KINGMAN - Teenagers are more wired, social and mobile than ever before. According to a 2013 Pew Research study, 74 percent of teens access the Internet via their cell phones, tablets or other mobile devices. The same study showed that 94 percent of teens were posting on Facebook at least "occasionally" and had in upward of 400 friends.
Studies such as this one, however, come out much more slowly than the tech industry moves, and teen adoption rates for "new" platforms like Vine (2012, acquired by Twitter), Snapchat (2012), Kik (2010), WhatsApp (2009, acquired by Facebook in 2014) and the flurry of other social media apps that release regularly is enough to dizzy anybody wanting to follow the industry.
This creates problems for parents as well, and while I'm not a parent myself, I can see how nerve-wracking it must be to tread that line of monitoring your child while respecting their privacy spanning all these social media platforms. Even if a parent wanted to monitor who their child is talking to on Facebook or on their phones, some parents lack the technological resources and know-how to do so.
A press-release for an online service to assist parents in monitoring their child's smartphone and social media accounts crossed my desk that aims to address that issue.
It's called TeenSafe, and it's a web portal that gathers all your child's social media accounts and phone information into one client and allows you to monitor everything without logging into their accounts or looking at their phones.
The setup process is simple: the parent gathers the child's account information and password for his social media accounts and phone. They enter it into TeenSafe's web portal, and TeenSafe accesses their accounts and displays the information in an easy-to-navigate interface.
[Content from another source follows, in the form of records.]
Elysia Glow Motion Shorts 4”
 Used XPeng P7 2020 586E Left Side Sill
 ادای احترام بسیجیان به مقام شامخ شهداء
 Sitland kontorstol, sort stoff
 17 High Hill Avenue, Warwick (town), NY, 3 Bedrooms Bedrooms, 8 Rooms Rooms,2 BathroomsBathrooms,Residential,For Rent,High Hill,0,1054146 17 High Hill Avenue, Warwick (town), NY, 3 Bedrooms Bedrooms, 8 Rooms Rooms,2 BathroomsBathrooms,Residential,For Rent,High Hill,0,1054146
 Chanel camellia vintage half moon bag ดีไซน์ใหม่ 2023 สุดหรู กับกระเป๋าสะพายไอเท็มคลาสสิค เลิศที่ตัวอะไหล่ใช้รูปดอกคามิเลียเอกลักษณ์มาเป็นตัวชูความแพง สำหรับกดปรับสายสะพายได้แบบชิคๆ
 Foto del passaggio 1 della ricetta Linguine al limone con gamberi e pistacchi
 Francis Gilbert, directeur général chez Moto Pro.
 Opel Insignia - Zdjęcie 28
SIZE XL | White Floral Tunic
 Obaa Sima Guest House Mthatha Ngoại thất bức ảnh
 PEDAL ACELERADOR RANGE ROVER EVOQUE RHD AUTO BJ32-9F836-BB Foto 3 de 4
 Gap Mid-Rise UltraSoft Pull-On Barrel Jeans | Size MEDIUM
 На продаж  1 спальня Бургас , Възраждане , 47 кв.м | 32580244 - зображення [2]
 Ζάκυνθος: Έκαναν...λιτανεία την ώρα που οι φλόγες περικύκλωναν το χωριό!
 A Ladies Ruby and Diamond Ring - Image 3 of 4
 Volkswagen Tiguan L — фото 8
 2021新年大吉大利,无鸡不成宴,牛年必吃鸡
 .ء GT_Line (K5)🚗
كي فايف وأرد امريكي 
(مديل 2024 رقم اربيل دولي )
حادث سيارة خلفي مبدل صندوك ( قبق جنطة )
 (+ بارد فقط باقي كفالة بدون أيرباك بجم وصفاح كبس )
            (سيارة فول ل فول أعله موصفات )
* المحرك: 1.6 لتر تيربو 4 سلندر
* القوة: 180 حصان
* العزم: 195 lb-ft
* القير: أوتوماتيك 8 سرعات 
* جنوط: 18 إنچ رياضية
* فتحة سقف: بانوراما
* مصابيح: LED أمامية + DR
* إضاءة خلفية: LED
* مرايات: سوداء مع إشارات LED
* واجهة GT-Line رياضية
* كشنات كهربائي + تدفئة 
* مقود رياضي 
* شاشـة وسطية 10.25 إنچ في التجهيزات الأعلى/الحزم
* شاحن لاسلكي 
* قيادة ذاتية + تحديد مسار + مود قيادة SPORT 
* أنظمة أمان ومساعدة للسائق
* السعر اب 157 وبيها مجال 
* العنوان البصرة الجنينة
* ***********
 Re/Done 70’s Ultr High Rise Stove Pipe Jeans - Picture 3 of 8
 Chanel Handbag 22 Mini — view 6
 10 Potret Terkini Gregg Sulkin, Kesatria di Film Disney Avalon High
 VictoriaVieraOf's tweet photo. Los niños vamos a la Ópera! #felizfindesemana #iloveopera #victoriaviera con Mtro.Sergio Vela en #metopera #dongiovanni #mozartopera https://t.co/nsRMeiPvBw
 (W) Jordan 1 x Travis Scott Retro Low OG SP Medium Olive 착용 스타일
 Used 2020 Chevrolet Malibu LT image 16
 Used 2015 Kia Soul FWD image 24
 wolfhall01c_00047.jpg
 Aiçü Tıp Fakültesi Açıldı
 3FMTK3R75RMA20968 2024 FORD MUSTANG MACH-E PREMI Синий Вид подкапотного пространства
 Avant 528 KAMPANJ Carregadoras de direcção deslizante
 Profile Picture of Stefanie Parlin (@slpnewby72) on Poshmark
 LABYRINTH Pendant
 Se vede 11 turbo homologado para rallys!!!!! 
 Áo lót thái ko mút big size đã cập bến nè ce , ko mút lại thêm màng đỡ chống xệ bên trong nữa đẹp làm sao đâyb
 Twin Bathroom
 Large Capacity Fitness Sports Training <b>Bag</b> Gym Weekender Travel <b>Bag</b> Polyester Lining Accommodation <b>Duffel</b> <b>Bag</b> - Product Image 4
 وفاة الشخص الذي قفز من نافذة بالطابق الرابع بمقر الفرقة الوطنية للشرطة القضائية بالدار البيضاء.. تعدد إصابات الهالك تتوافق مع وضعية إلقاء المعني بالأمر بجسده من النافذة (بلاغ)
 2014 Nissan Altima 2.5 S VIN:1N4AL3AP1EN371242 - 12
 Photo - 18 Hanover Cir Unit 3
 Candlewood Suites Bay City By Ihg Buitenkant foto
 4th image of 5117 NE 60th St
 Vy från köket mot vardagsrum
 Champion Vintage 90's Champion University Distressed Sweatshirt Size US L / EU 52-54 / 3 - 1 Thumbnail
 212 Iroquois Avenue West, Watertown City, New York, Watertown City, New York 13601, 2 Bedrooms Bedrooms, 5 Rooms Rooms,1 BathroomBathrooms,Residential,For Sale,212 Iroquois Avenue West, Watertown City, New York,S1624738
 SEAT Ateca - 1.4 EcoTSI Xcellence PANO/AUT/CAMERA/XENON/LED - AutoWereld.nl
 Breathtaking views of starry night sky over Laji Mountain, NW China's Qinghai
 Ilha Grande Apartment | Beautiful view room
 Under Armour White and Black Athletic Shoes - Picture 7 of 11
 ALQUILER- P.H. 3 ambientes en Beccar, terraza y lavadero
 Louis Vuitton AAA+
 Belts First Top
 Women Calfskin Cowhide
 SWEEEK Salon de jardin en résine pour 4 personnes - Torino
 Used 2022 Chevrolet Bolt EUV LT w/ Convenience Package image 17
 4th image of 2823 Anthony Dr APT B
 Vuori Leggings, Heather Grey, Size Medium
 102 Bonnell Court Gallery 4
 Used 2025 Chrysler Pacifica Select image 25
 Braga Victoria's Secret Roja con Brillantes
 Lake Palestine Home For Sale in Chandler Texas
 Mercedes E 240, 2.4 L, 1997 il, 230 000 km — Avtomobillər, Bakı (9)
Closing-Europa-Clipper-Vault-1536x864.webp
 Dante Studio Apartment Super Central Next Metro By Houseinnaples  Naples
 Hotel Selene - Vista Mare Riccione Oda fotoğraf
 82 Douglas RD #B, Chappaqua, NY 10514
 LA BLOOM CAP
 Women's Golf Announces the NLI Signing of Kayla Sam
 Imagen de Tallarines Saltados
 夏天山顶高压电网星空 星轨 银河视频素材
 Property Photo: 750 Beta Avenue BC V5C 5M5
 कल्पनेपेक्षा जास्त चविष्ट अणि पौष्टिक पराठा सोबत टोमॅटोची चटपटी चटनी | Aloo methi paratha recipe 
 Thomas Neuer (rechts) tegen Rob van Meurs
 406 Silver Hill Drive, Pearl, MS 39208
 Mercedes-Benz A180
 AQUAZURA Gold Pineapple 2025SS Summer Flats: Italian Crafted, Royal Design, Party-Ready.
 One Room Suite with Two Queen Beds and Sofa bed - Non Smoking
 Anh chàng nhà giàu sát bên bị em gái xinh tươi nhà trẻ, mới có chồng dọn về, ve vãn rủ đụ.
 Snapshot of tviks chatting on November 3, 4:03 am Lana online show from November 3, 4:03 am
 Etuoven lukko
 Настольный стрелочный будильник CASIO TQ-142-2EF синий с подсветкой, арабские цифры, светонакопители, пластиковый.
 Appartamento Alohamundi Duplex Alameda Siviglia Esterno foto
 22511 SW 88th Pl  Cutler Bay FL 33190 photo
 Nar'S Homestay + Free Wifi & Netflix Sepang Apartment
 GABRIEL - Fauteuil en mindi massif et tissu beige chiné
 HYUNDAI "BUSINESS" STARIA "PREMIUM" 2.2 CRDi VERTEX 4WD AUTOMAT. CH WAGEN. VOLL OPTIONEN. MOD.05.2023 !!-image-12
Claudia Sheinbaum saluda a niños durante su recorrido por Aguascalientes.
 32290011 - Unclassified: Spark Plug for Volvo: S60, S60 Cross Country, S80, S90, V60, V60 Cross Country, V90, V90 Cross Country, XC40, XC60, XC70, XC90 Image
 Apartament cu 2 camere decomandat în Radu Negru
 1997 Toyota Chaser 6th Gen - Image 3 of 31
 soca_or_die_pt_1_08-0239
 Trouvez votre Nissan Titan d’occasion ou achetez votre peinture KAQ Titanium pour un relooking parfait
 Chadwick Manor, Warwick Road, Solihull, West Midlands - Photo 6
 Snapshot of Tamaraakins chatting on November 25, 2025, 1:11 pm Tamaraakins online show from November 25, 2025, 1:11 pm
TeenSafe's phone monitoring system stood out when I tested it on myself. I wanted to see how much information I could track from my iPhone. I entered my Apple ID and password, and within 20 minutes TeenSafe populated the web portal with all my information. I was able to see:
My phone's current location;
Texts coming in and out, both the ones on my phone and ones I deleted;
All incoming and outgoing phone calls including call times and contact information;
Who I have stored in my address book;
All web searches I did in Safari;
All the bookmarks and web browsing history I did, even when I had "Do Not Track" enabled.
It relies on iCloud back to get that information (or an app installed in the hidden directory for Android), but once that's set up there was no way outside of jailbreaking my phone to know that TeenSafe was logging that data.
I also tested it with my Facebook account and was able to access everything: photos, messages (both via the app and online), news feed, a list of my friends, and basically anything and everything I posted or was posted about me on Facebook.
Currently TeenSafe can only monitor iPhones (with iCloud backup), Android phones, Facebook, Instagram, WhatsApp, and Kik. They are adding more platforms, and because it pulls the information by logging in with your child's information they anticipate more platforms to come to the client soon.
For those less tech-savvy, I found the user interface and setting up the monitoring very easy to program. All you need is your child's login information for all their social media accounts and to enable iCloud backups for his iPhone.
TeenSafe encrypts all that information it's collecting with 256 bit SSL encryption, and they advertise that no one can see your child's information but you. Because it relies on login information, you can simply change your child's passwords to lock-out TeenSafe.
The service is $14.95 per month, and a family can add as many children as they want to the service. You can also try it out for a week before buying, just be sure to cancel the free trial if you don't plan on keeping it for the month.